(Scraped caption text data)
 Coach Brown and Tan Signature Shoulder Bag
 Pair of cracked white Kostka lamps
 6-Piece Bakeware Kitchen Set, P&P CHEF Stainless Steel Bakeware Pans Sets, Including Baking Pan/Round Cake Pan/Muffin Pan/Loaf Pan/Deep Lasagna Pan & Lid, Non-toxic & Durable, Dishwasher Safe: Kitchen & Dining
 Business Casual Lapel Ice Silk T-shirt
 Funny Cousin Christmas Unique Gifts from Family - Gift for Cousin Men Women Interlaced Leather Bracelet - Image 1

Problem requirements -
Every single record is to be set down again, unaltered.

Solved exercise -
 Coach Brown and Tan Signature Shoulder Bag
 Pair of cracked white Kostka lamps
 6-Piece Bakeware Kitchen Set, P&P CHEF Stainless Steel Bakeware Pans Sets, Including Baking Pan/Round Cake Pan/Muffin Pan/Loaf Pan/Deep Lasagna Pan & Lid, Non-toxic & Durable, Dishwasher Safe: Kitchen & Dining
 Business Casual Lapel Ice Silk T-shirt
 Funny Cousin Christmas Unique Gifts from Family - Gift for Cousin Men Women Interlaced Leather Bracelet - Image 1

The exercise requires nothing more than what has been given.